# Arithmetic Overflow and Underflowing

I am a bit unclear about underflowing in terms of binary representation.

Let's say that an unsigned 8-bit variable gets overflown from the addition of $150+150$.

A signed 8-bit variable gets underflown after the subtraction of $-120-60$.

Now my point is let's think of 8-bit variable, we are subtracting $110-10$. Now let's convert this into an addition, $110+(-10)$. Since $-10$ is $11110110$ and $110$ is $01101110$. If we add these two binary numbers we will have a value after 8th bit to carry, which is I believe an overflown, however the final binary number is equal to $100$ and that's what we want and in terms of decimal value we did not lose anything. In that case do we have a overflow or underflow here?

• Underflow makes no sense for integral values. – copper.hat Oct 21 '13 at 16:36
• @copper.hat That's not quite true: cwe.mitre.org/data/definitions/191.html – lehins Jan 31 at 14:23
• That is overflow, not underflow. – copper.hat Jan 31 at 14:48

Say you have $8$-bits signed integers. The range of representable integers start at $-128$ and ends at $127$.

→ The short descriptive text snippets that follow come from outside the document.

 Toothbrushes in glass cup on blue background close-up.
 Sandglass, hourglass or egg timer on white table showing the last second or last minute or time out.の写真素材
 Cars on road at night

If you perform $127+1$, you obtain $-128$ : $0111 1111+0000 0001 = 1000 0000$ and the overflow flag is turned on.

If you perform $-128-1$, you obtain $127$ : $1000 0000-0000 0001 = 0111 1111$ and the overflow flag is turned on.

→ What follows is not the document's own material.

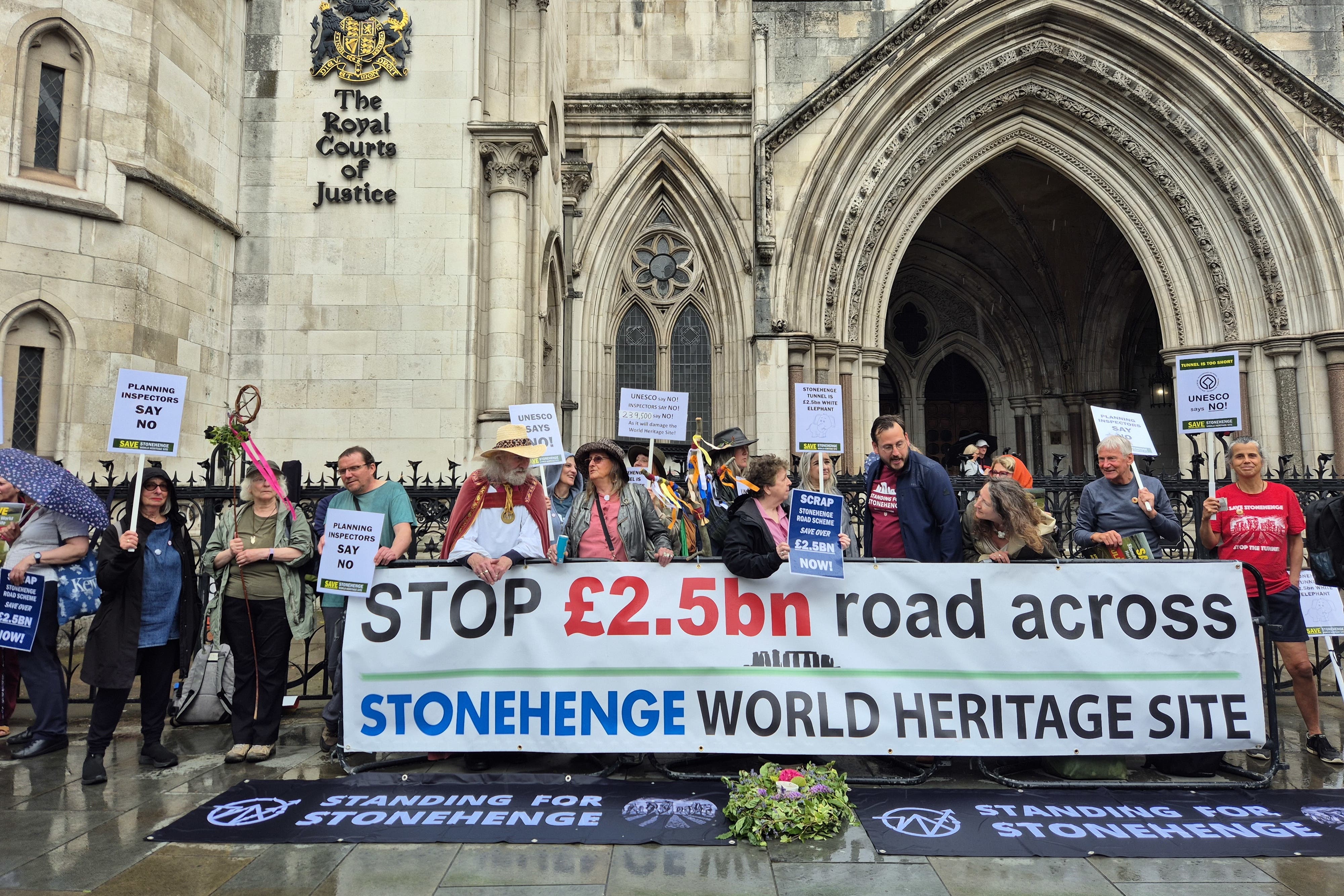 Protesters outside the Royal Courts of Justice (PA)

In both cases, these are overflows.

Underflows refer to floating point underflow, where an operation result in a number that is too small to be representable. For example, if the exponent part can represent values from $-127$ to $127$, then any number with absolute value less than $2^{-127}$ may cause underflow.

You don't have an overflow here: the result will be 01100100. Since the top bit indicates the sign, the addition process is not the same as for unsigned integers.

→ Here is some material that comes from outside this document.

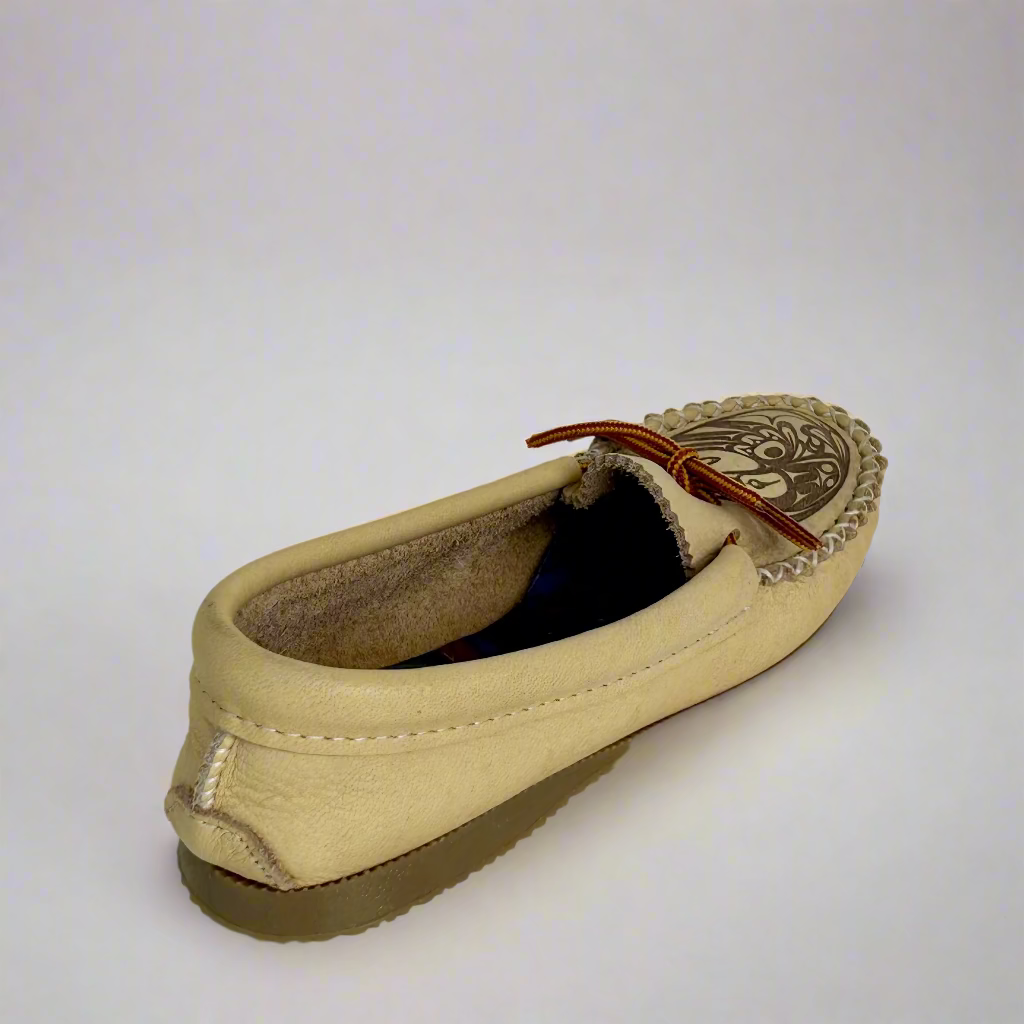 Beige slip-on shoe with decorative sole on a white background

For example, 01100100+01100100 overflows for signed integers, because we can't carry from the 7th bit into 8th: the 8th bit is the sign. Over unsigned integers, there is no overflow.

Conversely, 01100100+11110110 overflows for unsigned integers, but not for signed ones.

My point is: the process of adding of numbers represented by binary strings depends on what representation is used. (You would not add floating point representations bitwise...)

The term arithmetic underflow (or "floating point underflow", or just "underflow") is a condition in a computer program where the result of a calculation is a number of smaller absolute value than the computer can actually store in memory.